Throughout history most Dispensationalists have retreated, and we haven’t done much in our caves except complain (it’s like the Archie Bunker Option). The Benedict Option at least encourages Christians to build, even if it’s more of a island withdrawn from trouble. But we’ve seen that this is a failure to read the parts of the Bible where God says that His creation is good, it’s a gift, and that we’re to receive it with thanks and stewardship and industry. Our Lord made the world and all who love Him will hate the things of earth in one way so that they will be better image-bearers on earth for His glory. We believe His Word, His Son, and expect the fruit of our faith to be abundant and obvious in public view. The fruit of faith will provoke others—the Jews, especially in the end times-to jealously. They will want what we have from God in Christ.
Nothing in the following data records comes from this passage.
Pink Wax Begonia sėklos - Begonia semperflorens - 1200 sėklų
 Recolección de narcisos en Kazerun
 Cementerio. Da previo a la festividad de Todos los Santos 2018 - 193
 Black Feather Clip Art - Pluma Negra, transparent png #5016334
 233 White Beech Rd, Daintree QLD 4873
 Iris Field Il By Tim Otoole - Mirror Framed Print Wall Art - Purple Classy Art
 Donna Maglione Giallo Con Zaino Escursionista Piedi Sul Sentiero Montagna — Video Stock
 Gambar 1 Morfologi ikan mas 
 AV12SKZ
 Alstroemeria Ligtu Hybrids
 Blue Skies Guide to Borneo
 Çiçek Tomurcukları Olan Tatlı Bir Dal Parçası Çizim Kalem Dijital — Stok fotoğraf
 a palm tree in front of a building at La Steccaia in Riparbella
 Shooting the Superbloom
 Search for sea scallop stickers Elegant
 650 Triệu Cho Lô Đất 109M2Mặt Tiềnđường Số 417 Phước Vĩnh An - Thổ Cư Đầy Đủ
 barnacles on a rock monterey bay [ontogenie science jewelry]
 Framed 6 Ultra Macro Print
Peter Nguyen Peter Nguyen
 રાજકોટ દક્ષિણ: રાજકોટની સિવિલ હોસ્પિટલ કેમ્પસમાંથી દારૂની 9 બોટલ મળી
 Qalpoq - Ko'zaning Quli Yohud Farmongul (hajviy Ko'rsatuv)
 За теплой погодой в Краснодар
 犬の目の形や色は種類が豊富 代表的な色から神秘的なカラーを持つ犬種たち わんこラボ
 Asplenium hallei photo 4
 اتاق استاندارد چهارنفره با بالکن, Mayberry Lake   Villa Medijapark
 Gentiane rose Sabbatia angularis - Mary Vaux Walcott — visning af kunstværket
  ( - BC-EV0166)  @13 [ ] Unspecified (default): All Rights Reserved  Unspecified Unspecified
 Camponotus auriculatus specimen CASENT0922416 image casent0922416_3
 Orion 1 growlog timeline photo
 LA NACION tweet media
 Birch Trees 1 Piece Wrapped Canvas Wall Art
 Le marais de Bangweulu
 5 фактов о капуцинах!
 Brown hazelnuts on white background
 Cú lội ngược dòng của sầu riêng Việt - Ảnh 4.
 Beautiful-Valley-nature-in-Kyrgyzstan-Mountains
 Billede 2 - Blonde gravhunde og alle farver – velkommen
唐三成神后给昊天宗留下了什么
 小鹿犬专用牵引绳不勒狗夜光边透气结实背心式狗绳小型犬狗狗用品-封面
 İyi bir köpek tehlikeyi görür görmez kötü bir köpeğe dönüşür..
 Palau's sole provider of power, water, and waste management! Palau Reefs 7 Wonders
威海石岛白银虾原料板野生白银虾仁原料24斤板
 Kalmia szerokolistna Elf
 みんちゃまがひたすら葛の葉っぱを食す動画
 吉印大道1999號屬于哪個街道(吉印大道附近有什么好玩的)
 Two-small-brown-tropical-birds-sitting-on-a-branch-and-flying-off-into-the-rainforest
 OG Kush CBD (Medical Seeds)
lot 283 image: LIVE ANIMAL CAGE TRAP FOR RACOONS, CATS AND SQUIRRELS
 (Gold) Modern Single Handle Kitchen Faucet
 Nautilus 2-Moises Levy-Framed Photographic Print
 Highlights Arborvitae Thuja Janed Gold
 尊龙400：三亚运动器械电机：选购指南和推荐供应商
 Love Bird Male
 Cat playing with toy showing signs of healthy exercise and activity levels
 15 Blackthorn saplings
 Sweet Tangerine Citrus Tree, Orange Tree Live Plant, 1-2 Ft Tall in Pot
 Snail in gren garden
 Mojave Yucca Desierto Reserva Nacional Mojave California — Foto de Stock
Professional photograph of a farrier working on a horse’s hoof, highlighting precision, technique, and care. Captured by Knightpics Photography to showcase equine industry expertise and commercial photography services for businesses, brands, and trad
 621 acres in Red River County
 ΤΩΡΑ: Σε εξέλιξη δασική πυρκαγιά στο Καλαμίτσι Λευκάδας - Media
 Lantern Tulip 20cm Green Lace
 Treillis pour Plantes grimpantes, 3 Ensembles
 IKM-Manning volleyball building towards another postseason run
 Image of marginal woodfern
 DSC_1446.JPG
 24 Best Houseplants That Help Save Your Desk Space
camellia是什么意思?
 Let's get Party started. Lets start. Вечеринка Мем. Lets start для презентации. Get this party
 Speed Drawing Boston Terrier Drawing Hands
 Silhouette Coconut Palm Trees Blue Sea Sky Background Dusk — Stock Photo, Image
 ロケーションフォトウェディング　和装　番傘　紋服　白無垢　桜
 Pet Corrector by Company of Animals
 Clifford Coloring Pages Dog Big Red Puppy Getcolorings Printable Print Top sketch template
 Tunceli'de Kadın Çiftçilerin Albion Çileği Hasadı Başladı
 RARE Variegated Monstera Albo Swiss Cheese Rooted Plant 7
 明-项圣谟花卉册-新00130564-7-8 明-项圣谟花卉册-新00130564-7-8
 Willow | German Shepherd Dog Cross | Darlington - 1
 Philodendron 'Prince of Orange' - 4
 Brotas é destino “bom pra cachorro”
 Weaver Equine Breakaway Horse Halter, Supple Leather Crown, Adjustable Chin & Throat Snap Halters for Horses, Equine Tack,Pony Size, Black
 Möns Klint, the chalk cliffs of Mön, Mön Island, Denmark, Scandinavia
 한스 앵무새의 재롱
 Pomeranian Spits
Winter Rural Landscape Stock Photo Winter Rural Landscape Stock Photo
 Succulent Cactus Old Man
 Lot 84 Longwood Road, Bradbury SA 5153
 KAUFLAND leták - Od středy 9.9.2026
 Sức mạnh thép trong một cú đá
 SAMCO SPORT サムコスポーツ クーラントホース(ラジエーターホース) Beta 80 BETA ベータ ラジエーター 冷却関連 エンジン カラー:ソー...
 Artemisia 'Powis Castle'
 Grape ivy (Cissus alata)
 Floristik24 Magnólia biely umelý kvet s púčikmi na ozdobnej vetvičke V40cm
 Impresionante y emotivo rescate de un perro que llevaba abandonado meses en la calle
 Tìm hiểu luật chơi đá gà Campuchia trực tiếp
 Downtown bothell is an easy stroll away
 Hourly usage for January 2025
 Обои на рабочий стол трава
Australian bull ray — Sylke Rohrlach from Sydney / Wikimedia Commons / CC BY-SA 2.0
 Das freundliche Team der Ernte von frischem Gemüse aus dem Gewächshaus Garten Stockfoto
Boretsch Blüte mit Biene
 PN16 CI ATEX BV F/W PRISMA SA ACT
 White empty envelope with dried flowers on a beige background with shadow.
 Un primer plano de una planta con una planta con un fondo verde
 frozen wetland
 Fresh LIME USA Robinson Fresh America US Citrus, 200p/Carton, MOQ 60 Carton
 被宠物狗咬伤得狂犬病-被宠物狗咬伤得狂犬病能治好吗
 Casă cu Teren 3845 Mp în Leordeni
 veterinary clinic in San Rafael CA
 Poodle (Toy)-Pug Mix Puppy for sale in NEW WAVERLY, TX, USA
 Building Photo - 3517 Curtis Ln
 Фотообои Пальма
Let’s call this the Blessed Option. By faith we worship the Lord and seek His blessing on our obedience and good works. His blessings may not always be how we would define them. Blessings include wisdom gleaned from trouble, joy in pain, as well as things such as profit and increasing influence. But others will see our God-given blessings and want in.
My heart still burns, like the hearts of the disciples on the road to Emmaus, as it did at the beginning of the series. This Bible reading and Bible obeying project is one that connects truths, orients perspective, and motivates our work. It is an eschatology with train tracks that don’t run out, and the ride is good.